# Exercise objective:
Output the line that contains "Предварительный просмотр 9" and every line after it to the end of the entries, with nothing added or left out.
|---|
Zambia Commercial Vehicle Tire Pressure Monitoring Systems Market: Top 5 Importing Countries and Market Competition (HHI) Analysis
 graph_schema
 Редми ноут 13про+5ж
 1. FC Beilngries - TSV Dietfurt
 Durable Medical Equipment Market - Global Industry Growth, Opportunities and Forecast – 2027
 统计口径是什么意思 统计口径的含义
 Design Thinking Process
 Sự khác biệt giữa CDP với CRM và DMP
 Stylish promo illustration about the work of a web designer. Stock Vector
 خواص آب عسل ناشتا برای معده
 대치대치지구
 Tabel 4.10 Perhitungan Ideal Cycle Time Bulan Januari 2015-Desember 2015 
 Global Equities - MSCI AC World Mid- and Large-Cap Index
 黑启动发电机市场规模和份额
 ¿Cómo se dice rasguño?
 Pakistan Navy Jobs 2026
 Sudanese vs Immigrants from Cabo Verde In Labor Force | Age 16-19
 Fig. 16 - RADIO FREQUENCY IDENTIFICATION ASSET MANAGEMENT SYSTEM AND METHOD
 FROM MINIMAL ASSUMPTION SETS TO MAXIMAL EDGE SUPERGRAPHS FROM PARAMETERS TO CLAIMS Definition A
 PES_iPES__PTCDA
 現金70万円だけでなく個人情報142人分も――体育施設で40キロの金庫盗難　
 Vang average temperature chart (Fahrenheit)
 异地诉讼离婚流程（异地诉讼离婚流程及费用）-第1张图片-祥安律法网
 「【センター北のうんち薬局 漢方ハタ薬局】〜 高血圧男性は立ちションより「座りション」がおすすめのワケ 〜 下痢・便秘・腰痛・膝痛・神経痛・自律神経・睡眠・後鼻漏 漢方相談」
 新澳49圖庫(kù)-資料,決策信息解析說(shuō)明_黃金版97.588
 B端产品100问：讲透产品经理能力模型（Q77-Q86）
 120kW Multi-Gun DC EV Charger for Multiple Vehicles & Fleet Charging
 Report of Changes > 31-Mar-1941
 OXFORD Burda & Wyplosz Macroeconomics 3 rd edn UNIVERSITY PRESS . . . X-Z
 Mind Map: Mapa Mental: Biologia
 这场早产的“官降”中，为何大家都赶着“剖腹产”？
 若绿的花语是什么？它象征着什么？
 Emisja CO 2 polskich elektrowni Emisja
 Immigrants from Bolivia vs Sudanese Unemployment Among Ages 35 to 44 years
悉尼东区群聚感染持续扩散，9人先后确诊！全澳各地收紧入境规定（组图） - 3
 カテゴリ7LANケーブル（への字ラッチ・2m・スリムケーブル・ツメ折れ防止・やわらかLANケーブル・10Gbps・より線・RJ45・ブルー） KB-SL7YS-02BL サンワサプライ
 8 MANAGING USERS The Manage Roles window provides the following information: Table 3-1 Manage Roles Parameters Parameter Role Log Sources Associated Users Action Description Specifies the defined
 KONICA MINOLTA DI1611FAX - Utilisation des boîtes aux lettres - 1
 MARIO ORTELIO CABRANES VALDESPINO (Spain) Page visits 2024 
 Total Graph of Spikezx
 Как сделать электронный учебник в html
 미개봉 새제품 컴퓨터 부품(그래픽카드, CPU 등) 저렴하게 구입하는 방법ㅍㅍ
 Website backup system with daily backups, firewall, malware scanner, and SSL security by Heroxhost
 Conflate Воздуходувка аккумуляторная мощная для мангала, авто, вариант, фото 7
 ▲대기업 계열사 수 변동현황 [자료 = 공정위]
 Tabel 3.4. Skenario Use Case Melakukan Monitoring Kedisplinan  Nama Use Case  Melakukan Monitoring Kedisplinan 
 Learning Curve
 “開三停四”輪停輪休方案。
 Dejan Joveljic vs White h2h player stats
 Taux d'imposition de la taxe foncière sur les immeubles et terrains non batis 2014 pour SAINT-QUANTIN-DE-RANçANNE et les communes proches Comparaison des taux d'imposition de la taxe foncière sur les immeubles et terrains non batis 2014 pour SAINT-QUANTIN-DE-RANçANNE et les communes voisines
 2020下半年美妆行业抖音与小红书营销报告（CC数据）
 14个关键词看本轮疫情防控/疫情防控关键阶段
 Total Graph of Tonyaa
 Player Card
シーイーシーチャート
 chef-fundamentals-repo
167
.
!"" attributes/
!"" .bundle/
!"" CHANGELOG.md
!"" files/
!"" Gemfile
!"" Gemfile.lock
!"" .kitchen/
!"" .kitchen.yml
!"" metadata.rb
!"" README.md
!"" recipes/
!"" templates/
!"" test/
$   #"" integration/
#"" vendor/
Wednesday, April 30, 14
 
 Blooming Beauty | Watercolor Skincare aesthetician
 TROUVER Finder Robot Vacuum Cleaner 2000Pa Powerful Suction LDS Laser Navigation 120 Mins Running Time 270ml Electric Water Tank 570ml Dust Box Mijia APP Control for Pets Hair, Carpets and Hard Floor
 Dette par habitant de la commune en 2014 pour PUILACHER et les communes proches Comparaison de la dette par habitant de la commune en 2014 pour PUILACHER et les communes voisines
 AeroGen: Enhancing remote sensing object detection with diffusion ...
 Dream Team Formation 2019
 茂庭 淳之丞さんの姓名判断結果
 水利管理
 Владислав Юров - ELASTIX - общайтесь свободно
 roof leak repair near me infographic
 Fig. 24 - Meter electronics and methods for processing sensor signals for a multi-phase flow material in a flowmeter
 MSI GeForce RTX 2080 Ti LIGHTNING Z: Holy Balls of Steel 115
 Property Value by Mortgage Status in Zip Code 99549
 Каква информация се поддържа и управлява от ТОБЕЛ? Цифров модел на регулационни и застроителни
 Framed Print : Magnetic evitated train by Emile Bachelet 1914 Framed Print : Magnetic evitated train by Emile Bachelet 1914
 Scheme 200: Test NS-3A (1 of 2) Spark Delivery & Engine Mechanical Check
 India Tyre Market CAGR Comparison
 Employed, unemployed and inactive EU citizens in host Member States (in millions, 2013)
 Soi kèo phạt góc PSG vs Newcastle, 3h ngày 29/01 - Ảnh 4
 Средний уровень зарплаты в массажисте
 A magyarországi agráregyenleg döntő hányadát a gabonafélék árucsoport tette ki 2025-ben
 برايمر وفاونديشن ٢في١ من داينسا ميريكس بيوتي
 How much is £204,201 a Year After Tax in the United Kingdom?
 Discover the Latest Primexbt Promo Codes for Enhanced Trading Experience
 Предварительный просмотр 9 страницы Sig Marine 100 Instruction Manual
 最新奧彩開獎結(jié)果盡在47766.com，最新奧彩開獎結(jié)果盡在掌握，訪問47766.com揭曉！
|---|
# Response below:
 Предварительный просмотр 9 страницы Sig Marine 100 Instruction Manual
 最新奧彩開獎結(jié)果盡在47766.com，最新奧彩開獎結(jié)果盡在掌握，訪問47766.com揭曉！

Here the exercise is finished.